Appellate Defender Staples Hughes, by Assistant Appellate
Defender Charlesena Elliott Walker, for defendant-appellant.
HUDSON, Judge.
On 18 January 2001, defendant was arrested for resisting,
delaying, and obstructing an officer and possession of a controlled
substance. A Catawba County Grand Jury indicted defendant on 4
September 2001 for felonious possession of a Schedule II controlled
substance and for resisting, delaying and obstructing an officer.
On 13 December 2001, defendant moved to suppress physical evidence
and any statements defendant made subsequent to his arrest.
Defendant's motion to suppress was heard and denied at the 29 July
2002 Criminal Session of Superior Court in Catawba County. On that
same day, defendant entered an Alford plea to the charges, pursuant
to which the trial court consolidated the offenses and sentenceddefendant to a term of six to eight months imprisonment. The trial
court then suspended the sentence and placed defendant on three
years special supervised probation with a requirement that he serve
forty-five days in jail.
Defendant appeals the denial of his motion to suppress
physical evidence seized and any statements he made to law
enforcement officers subsequent to his arrest. Defendant contends
that he was unconstitutionally seized by the officer because the
officer had no probable cause or reasonable suspicion to believe
that defendant was engaged in any criminal activity. For the
following reasons, however, we decline to reach the merits of
defendant's argument and dismiss the appeal.

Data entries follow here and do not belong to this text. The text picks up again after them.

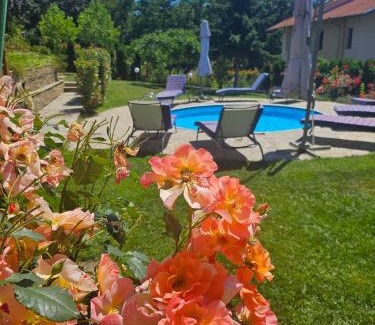 Slivek House | Vila Lotos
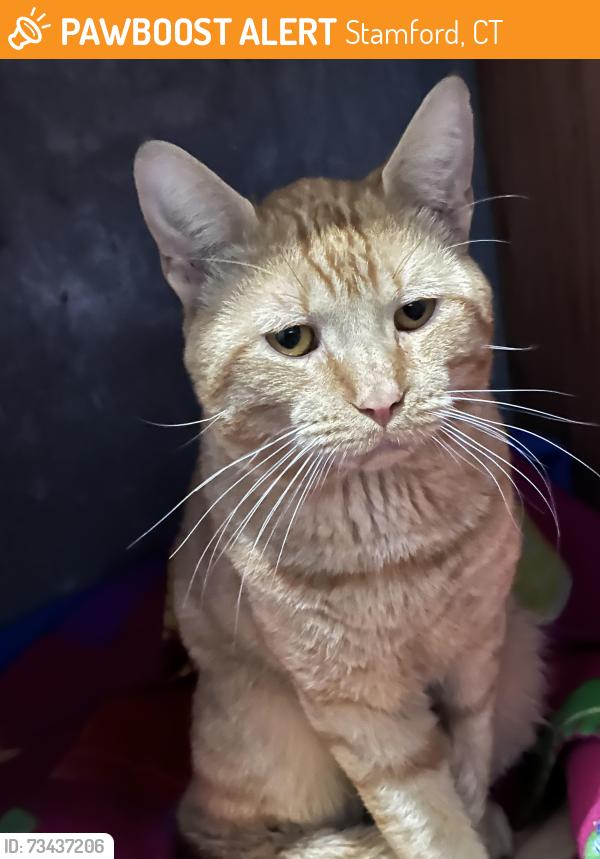 Found/Stray Male Cat last seen Coolidge Ave and Treat Ave, Stamford, CT 06906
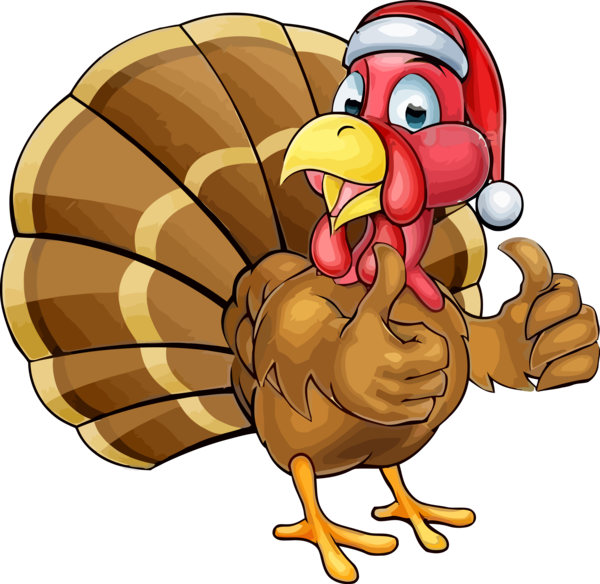 Transparent Thanksgiving Chicken Cartoon Rooster for Thanksgiving Turkey for Thanksgiving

Pursuant to G.S. § 15A-979(b) (2001), an order finally
denying a motion to suppress evidence may be reviewed upon an
appeal from a judgment of conviction, including a judgment entered
upon a plea of guilty. Accordingly, under G.S. § 15A-1444(e), a
defendant who has entered a plea of guilty is not entitled to
appellate review as a matter of right, unless the defendant is
appealing sentencing issues or the denial of a motion to suppress,
or the defendant has made an unsuccessful motion to withdraw the
guilty plea. See G.S. § 15A-1444(e); State v. Dickson, 151 N.C.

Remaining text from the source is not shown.